## Task details
A verbatim copy of the data is wanted, minus any picture in it.

## Supplied data
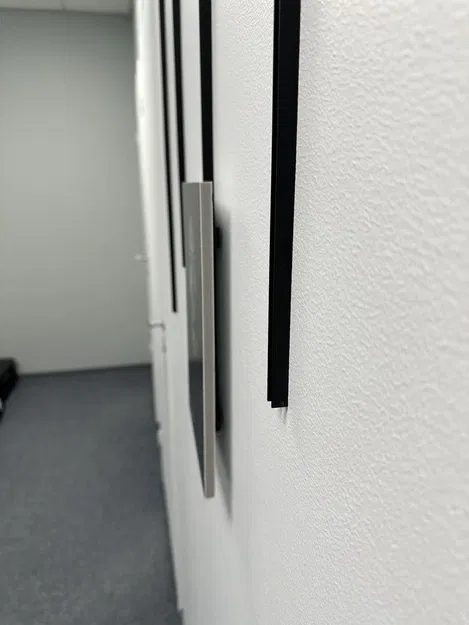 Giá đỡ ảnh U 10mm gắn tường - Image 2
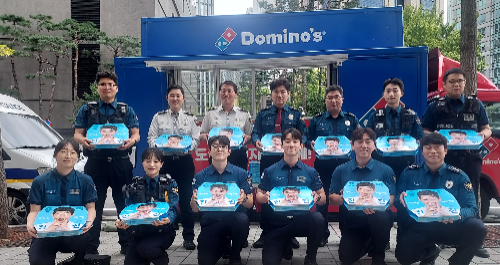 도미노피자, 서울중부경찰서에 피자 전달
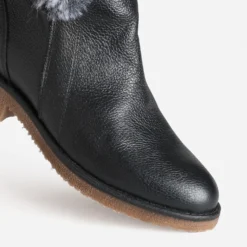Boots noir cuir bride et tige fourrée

## Result of the exercise
 Giá đỡ ảnh U 10mm gắn tường - Image 2
 도미노피자, 서울중부경찰서에 피자 전달
Boots noir cuir bride et tige fourrée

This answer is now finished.